Stored items
--- START ---

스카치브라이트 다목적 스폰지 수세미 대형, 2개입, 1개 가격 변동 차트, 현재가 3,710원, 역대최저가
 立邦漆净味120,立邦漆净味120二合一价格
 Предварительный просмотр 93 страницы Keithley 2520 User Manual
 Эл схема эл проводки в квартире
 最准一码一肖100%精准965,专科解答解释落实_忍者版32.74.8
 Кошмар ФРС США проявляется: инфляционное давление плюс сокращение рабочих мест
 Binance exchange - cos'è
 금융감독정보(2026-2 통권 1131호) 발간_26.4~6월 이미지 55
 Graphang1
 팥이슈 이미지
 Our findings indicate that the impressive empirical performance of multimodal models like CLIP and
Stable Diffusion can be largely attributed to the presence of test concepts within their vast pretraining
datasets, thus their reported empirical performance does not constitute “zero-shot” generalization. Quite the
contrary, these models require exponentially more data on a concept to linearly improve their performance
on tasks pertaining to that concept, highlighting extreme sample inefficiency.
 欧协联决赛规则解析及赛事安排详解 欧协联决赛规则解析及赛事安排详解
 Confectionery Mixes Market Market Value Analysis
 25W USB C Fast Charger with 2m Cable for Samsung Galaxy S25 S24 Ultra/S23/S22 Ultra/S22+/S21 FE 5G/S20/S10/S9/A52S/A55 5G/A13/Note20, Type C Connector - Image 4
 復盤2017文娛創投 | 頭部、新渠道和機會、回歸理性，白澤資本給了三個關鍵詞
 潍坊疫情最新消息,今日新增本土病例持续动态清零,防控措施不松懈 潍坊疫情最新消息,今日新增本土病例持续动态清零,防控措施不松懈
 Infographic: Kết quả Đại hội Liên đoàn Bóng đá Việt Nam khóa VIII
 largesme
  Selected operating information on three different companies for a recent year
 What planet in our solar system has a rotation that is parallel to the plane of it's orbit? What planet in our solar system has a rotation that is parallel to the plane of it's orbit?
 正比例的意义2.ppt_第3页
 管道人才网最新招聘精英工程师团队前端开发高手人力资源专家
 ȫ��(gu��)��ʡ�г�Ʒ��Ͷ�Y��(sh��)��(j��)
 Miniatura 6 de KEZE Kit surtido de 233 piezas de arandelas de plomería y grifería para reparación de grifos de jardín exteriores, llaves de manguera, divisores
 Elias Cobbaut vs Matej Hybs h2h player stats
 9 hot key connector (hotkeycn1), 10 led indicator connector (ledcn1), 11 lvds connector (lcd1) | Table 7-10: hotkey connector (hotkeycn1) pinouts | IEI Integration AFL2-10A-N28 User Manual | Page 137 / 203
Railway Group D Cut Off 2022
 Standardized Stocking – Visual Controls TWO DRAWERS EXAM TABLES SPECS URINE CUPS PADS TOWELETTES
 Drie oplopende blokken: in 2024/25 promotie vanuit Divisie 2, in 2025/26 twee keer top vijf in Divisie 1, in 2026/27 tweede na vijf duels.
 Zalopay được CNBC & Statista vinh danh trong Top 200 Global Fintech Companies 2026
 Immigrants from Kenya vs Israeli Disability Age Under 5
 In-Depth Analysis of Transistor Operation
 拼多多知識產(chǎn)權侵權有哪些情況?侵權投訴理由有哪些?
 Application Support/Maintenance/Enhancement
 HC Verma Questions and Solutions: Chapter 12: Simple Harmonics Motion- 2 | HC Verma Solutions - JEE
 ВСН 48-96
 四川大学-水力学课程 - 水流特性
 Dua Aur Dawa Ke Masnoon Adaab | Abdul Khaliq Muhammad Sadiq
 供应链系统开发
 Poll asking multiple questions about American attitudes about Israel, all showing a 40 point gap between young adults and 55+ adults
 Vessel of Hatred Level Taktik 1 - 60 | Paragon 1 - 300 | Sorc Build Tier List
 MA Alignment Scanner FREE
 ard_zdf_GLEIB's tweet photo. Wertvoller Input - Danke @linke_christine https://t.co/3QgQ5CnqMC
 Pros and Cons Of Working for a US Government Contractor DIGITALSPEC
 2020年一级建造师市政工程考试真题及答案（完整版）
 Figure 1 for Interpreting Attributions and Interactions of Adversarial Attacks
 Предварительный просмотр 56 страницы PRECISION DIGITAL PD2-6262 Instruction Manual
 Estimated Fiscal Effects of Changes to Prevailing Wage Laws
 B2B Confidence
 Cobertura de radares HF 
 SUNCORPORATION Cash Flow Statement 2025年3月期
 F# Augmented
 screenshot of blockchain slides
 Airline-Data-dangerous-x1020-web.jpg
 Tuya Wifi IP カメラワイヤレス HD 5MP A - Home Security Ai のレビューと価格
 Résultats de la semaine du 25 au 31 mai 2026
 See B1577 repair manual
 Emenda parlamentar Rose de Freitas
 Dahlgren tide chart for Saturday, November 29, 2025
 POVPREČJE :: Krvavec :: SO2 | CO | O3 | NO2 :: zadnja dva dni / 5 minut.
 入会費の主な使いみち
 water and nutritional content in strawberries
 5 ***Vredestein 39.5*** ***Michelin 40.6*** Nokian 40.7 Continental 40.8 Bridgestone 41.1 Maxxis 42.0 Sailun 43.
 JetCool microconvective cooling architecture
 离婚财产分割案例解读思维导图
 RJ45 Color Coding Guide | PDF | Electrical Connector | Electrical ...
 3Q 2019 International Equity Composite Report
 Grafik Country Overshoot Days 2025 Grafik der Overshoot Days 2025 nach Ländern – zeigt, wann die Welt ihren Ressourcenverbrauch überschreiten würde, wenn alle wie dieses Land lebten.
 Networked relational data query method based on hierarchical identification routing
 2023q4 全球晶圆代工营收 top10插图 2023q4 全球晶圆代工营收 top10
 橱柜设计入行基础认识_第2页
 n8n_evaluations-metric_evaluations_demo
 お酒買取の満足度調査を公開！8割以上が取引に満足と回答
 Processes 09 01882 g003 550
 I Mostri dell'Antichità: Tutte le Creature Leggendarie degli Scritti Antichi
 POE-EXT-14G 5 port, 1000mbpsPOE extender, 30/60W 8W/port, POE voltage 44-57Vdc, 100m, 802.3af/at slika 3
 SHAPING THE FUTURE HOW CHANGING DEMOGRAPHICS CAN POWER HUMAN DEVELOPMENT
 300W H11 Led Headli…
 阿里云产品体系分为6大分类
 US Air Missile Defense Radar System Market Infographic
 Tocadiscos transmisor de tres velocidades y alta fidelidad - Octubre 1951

--- END ---

__What the task requires__. Filter the records above down to the lines that hold the string "страницы".

__Answer space__.
 Предварительный просмотр 93 страницы Keithley 2520 User Manual
 Предварительный просмотр 56 страницы PRECISION DIGITAL PD2-6262 Instruction Manual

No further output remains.